En 1839, l’horloge parlante n’avait pas encore vu le jour ; les chemins de fer aux horaires si précis non plus.
Cependant, le courrier devait être acheminé avec le plus de régularité possible. Il en allait de l’honneur des postiers.
Une anomalie subsistait, comme vous allez le voir, dans la mise à l’heure des horloges communales.
Une circulaire du 21 février 1839 donne la marche à suivre.
On expose tout d’abord le problème :
"L’Administration des postes vient, dans l’intérêt du service qui lui est confié, d’appeler l’attention de Monsieur le Ministre de l’Intérieur sur la nécessité de faire régler d’après un système uniforme toutes les horloges communales.
Les rapports des inspecteurs des postes constatent que ces horloges sont réglées aujourd’hui d’après un système mixte et que souvent même, on ne suit aucun système.
Ce défaut d’uniformité est cause qu’à une distance de quelques lieues, les horloges publiques présentent une différence de quinze, vingt et même trente minutes et plus.
De là, des retards extrêmement préjudiciables pour le service publique (sic) comme pour les particuliers notamment en ce qui concerne le commerce."
Et voici donc ce qui résulte de ce manque d’uniformité dans la mise à l’heure des horloges :
"En effet, la régularité dans le service des postes repose essentiellement sur l’exacte coïncidence de l’arrivée et du départ des courriers.
Tous ont, pour accomplir leur course, un temps déterminé d’après la longueur et la difficulté du parcours et aussi d’après le mode d’exploitation des services.
Ils doivent partir et arriver à heure fixe.
Si l’horloge du bureau expéditeur, réglée d’après l’horloge communale, est en retard de trente minutes sur celle de la commune du point d’arrivée, il en résulte nécessairement, alors même que le courrier n’a employé pour faire sa course que le temps qui lui est accordé, qu’il est en retard d’une demi-heure à son arrivée, et que le courrier avec lequel il devait correspondre pour la réexpédition des dépêches est parti quand il arrive.
Le même inconvénient se présente quand l’horloge du bureau d’arrivée est en avance sur celle du bureau expéditeur."
C’est évident... mais il fallait le dire. Et cela ne peut plus durer !
"Il est donc désirable que toutes les horloges des communes que traversent les courriers soient réglées d’une manière uniforme.
Quant au système qu’il convient d’adopter, il résulte des renseignements donnés par des personnes compétentes pour décider la question que c’est d’après le temps moyen et non d’après le temps vrai, que les horloges communales doivent être réglées.
Reste à indiquer comment on pourra, dans toutes les communes du royaume, se procurer facilement et d’une manière certaine l’indication du temps moyen.
Mais on a la solution :
"A cet égard, voici ce qui paraît le plus convenable.
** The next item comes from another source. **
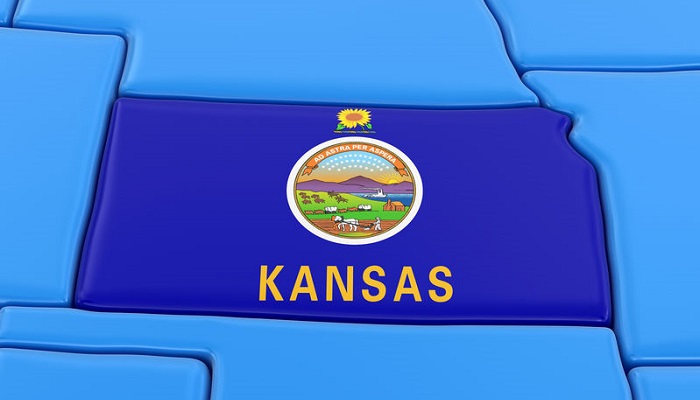 Mapa y bandera de Kansas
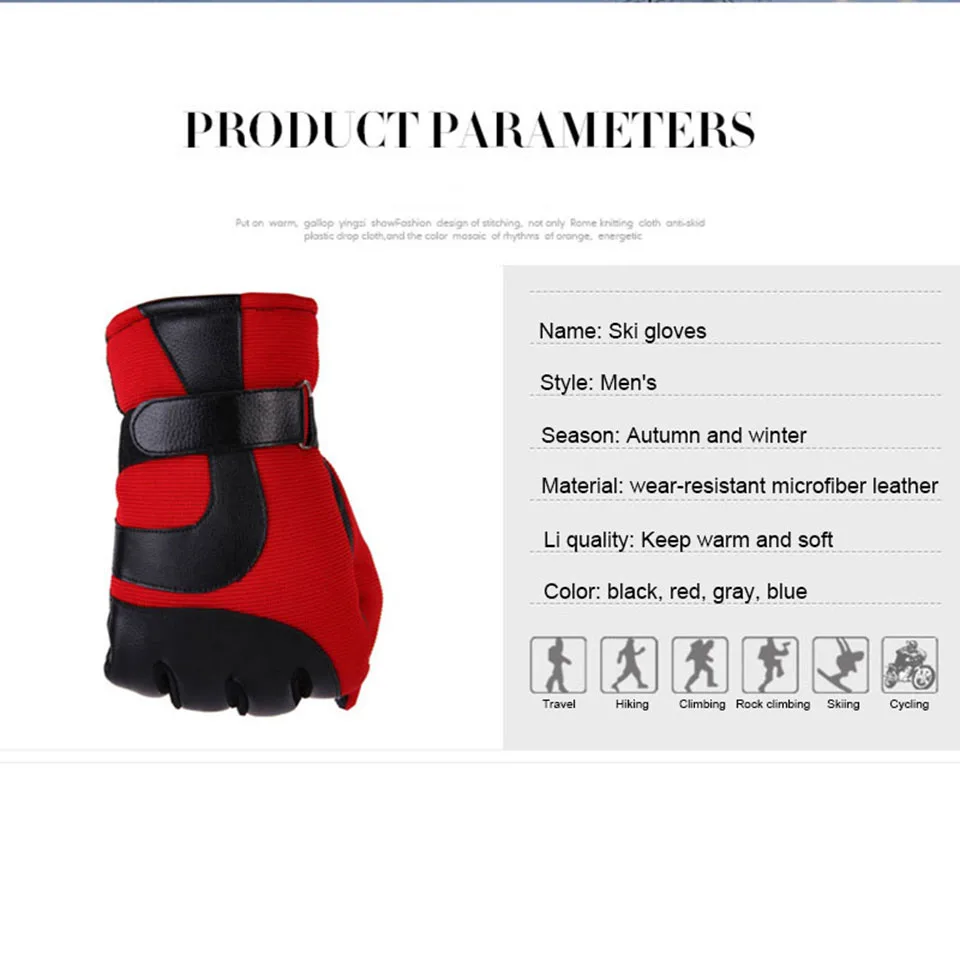 Winter Touch Screen Mens Sports Gloves Ski Snowboarding Thermal Waterproof Windproof Motorcycle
Le Bureau des Longitudes publie chaque année un annuaire au prix très modique de un franc. Parmi les documens (sic) que contient cet annuaire, se trouve un calendrier qui indique pour chaque jour l’heure qu’une horloge, réglée sur le temps moyen, doit marquer à l’instant où le cadran solaire marque midi.
Ainsi, par exemple, pour le 20 février, on trouve page 10, dans l’annuaire de 1838, dans la colonne intitulée "temps moyen à midi vrai", le nombre 14’3", ce qui veut dire 14 minutes 3 secondes."
Et le Ministre décide donc :
"En conséquence, Monsieur le Ministre de l’Intérieur a décidé, le 18 de ce mois, que toutes les communes qui possèdent des horloges et qui sont sur les routes que parcourent les courriers de l’Administration des postes, feront la dépense annuelle de l’Annuaire des Longitudes, et que la personne chargée de régler l’horloge sera tenue, sinon chaque jour au moins plusieurs fois par semaine, de rapprocher les indications du cadran solaire de celles de l’annuaire."
Et voilà ! Les courriers de l’Administration des postes seront ainsi à l’heure, et ne souffriront plus de retard. Il fallait y penser !
Les Administrations prennent-elles toujours autant de soin dans l’exécution des tâches qui leur sont confiées ?
Source :
- D’après : En singeant et papotant, recueil d’anecdotes abraysiennes, par François Marchand (ancien secrétaire général de la commune de St-Jean-de-Braye (Loiret) - Elvire Editions - Beaugency - IDB Bellegarde - 1991 - ISBN 2-90668-34-6.